*** Begin section ***
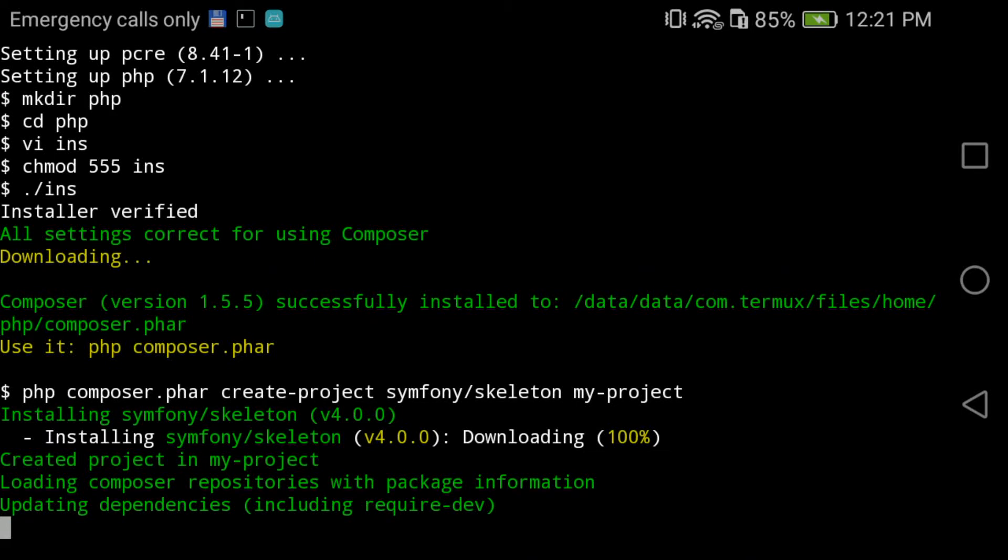Now it is installing Symfony 4 on my device. Once it gets installed, I can run it right away with the command PHP space dash S, which means server, then space and the address. It's gonna be localhost in this case, then the port which is optional.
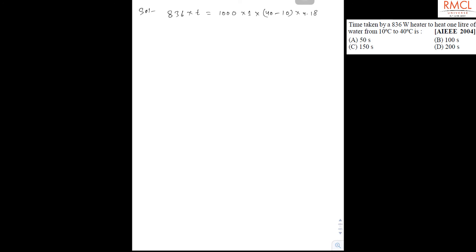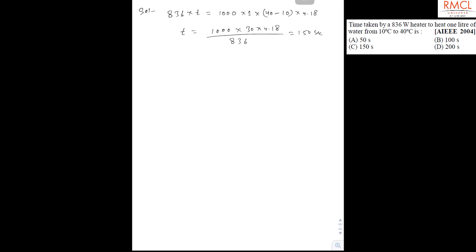So time becomes (1000 × 30 × 4.18) / 836. Solving this, we get 150 seconds. So C is the correct option.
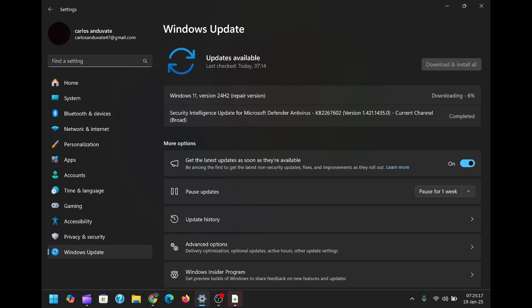Using the 'Fix problems using Windows Update' tool is a simple but effective way to keep your PC running smoothly. It combines the power of Windows Update with advanced repair capabilities, making it a versatile solution for a wide range of issues. If you're using Windows 11, this feature is a must-know tool for maintaining your system.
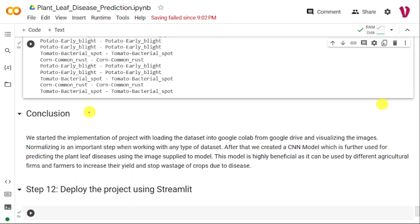In this video, I have discussed the implementation of the plant-leaf disease prediction project. The link for the source code is given in the description below. In the next video, I will discuss how to deploy this project using a Streamlit application. If you like the video, please like and share it with your friends, press the subscribe button for more videos, and press the bell icon for regular updates. Thank you for watching.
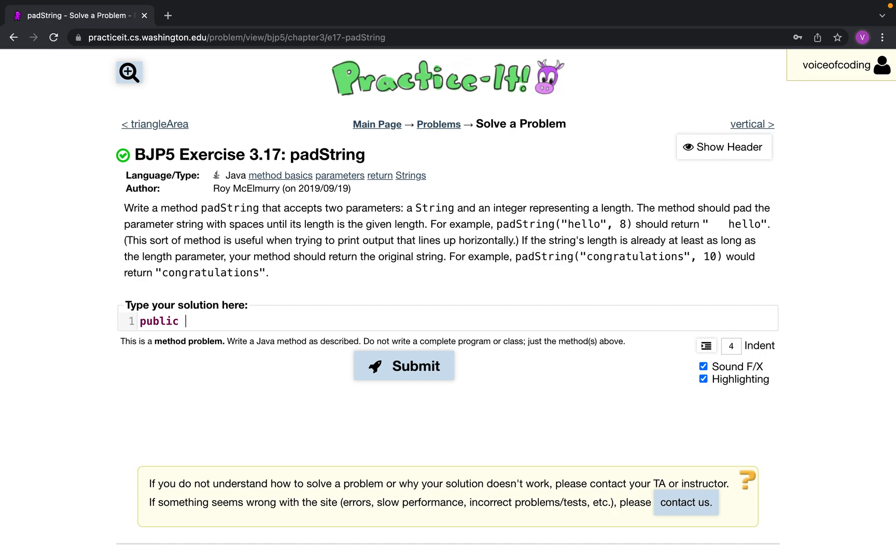We'll do public string padString and then our input. So our first one would be a string, I'll call that s, and then we need integer, I'll call that i. Actually I'll call that a.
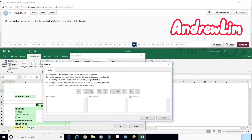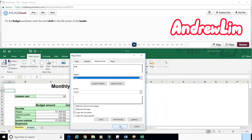Step 3. Click in the left section in the Header window. Type Draft. Click OK. Click OK.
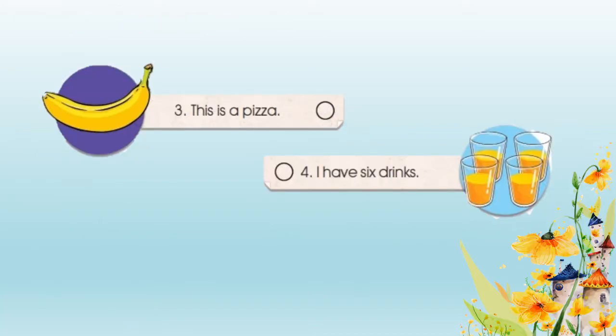Now look at number 3: this is a pizza. Yes, it's not a pizza, so you put a cross here. How about number 4? I have 6 strawberries. Let's count with me: 1, 2, 3, 4. Only 4, so number 4 is wrong and you put a cross.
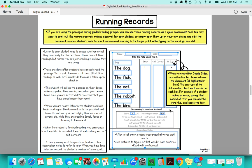Hey, it's Eileen. I wanted to share with you today about the running records that are part of my digital guided reading packs. These are a way that you can quickly assess how a student is doing on a specific level.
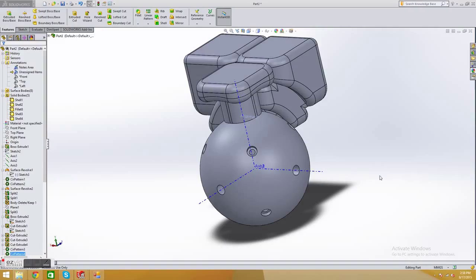This video is going to explain how to take this finished part in SOLIDWORKS and export it into a format where you can upload it to a 3D printing website and 3D print each part.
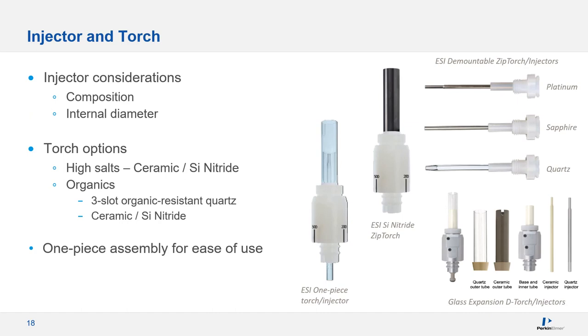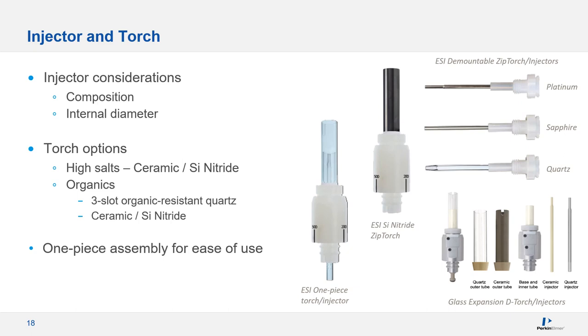The last components of the sample introduction system are the injector and the torch. Most labs can use the setup that comes with their system, but if you're having problems with component lifetime or if you're interested in reducing sample flow to the plasma, there are alternatives. Injector designs can vary by both composition and internal diameter. There are injectors made from alumina, quartz, sapphire, and platinum. In terms of torch options, if you're analyzing a high salt or organic sample, standard torches won't last as long. So, you should consider ones made from ceramic or silicon nitride. Some alternative torch and injector assemblies are made simply to minimize connections and O-rings.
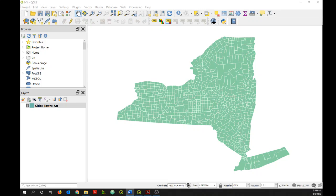In QGIS, you can use the field calculator to create and update fields in your dataset's attribute table. In this tutorial, I'll go over some basics of using the field calculator and show you how to build some simple expressions.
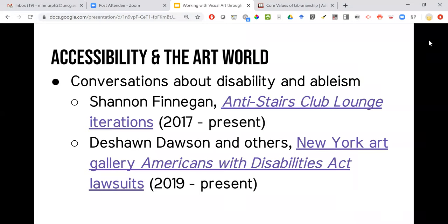Most conversations about accessibility in the art world are centered around the venues where art is exhibited and the ability to experience the art itself. Two prominent conversations are centered around the work of Shannon Finnegan and also a series of coordinated lawsuits by Deshaun Dawson and others against over 75 New York art galleries, using the Americans with Disabilities Act — asserting that the websites for those galleries are not accessible to people with vision impairments.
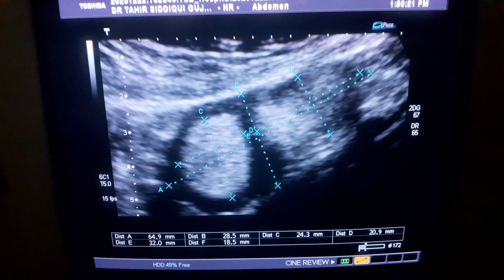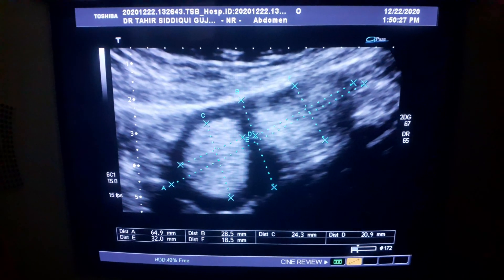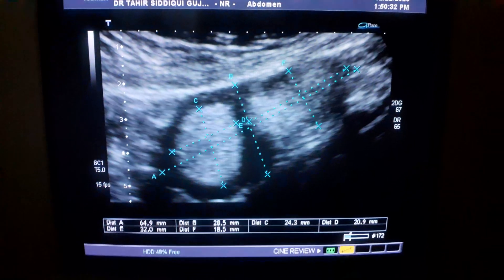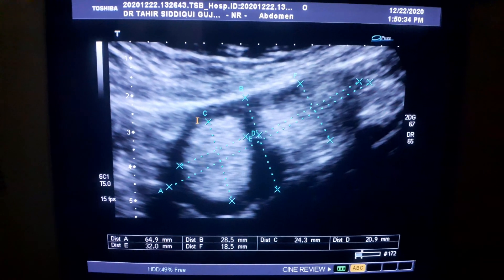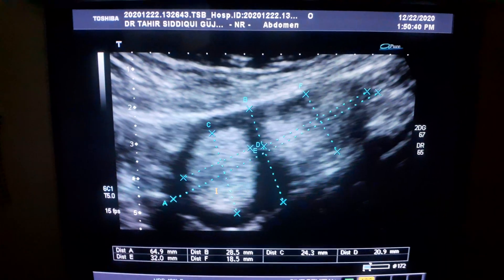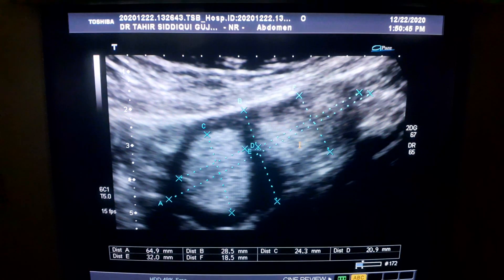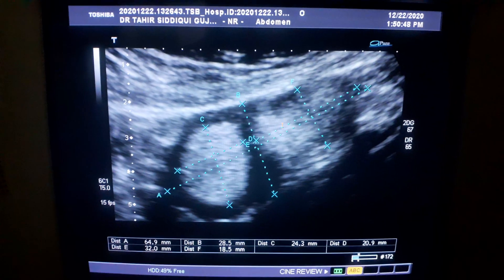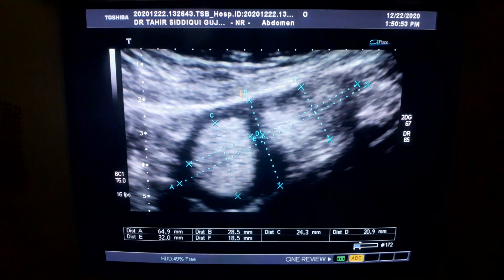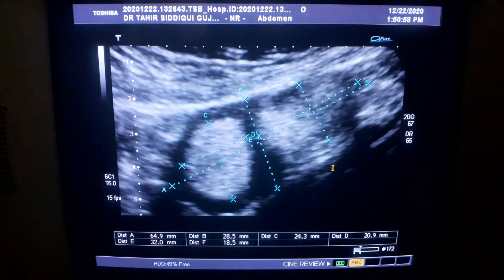They measure approximately: the cyst measures 6.4 x 2.8 cm, whereas this echogenic rounded well-demarcated area measures approximately 24 x 20 mm, and this one — the medial one — measures 32 x 18 mm. There is no posterior bowel enhancement, and this is the fluid part, a compartment between these two.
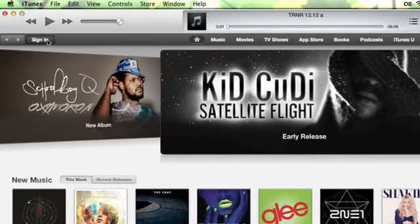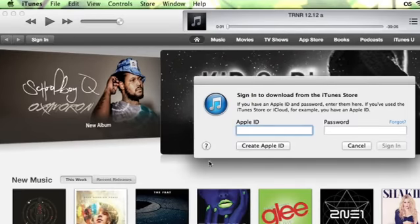Hi, I'm Patrick Cole and I'm here today to talk about resetting your iTunes password. You may have forgotten your password and want to change it, or it's been compromised for whatever reason and you need to reset your password.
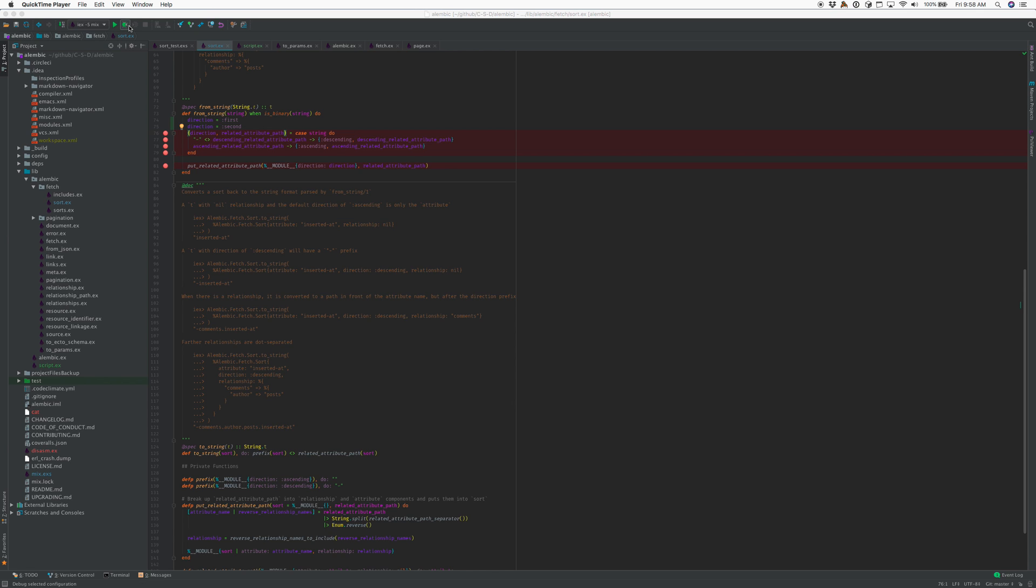So first thing, IEX now works for run, but I'm going to show debugging because it's a little bit more complicated.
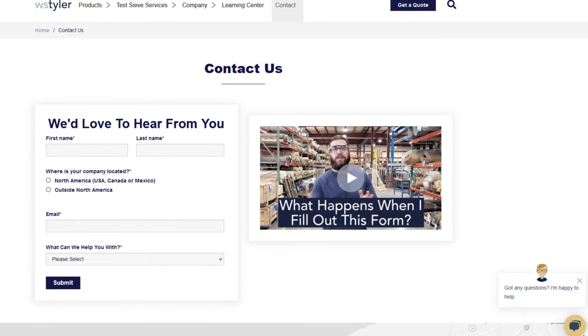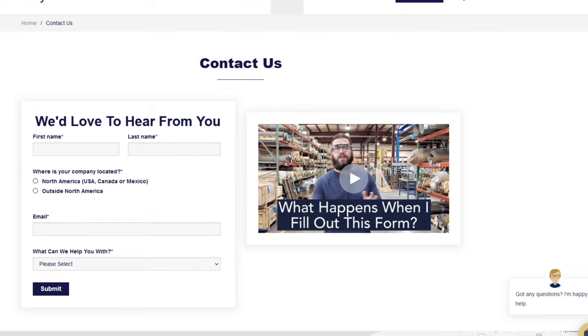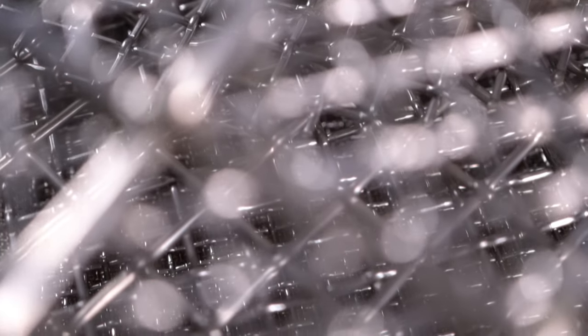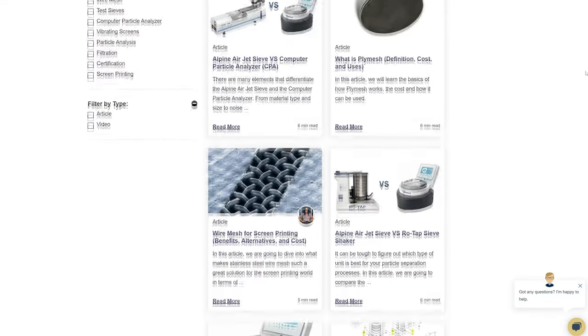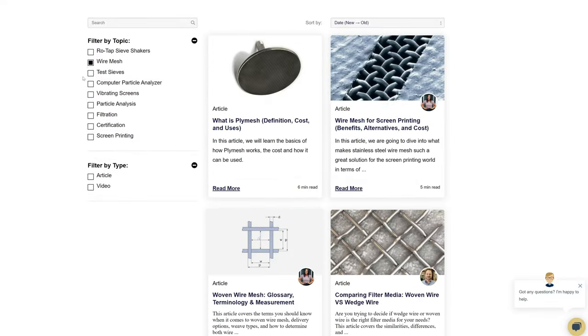Thanks so much for watching. If you have any questions, fill out a contact us form so we can answer your specific questions — just click the link in the description. And if you'd like to learn more about woven wire mesh or our many products, we have a learning center filled with written and video content to make you an expert. Don't forget to click the subscribe button and ring that bell to keep up with all things W.S. Tyler. Once again, my name is Andrew Kotlar and I'll see you around in the next video. Bye for now.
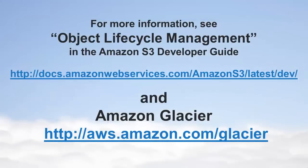For more details about archiving objects to Amazon Glacier, see Object Lifecycle Management in Amazon S3's Developer Guide. To learn more about Amazon Glacier, visit the Amazon Glacier webpage.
*** End section ***
Because the copy must hold no pictures, return only the lines that run from the line containing "So first thing, IEX" to the end of the data above, each exactly as it stands.

- _RESPONSE TO THE EXERCISE_:
So first thing, IEX now works for run, but I'm going to show debugging because it's a little bit more complicated.
Thanks so much for watching. If you have any questions, fill out a contact us form so we can answer your specific questions — just click the link in the description. And if you'd like to learn more about woven wire mesh or our many products, we have a learning center filled with written and video content to make you an expert. Don't forget to click the subscribe button and ring that bell to keep up with all things W.S. Tyler. Once again, my name is Andrew Kotlar and I'll see you around in the next video. Bye for now.
For more details about archiving objects to Amazon Glacier, see Object Lifecycle Management in Amazon S3's Developer Guide. To learn more about Amazon Glacier, visit the Amazon Glacier webpage.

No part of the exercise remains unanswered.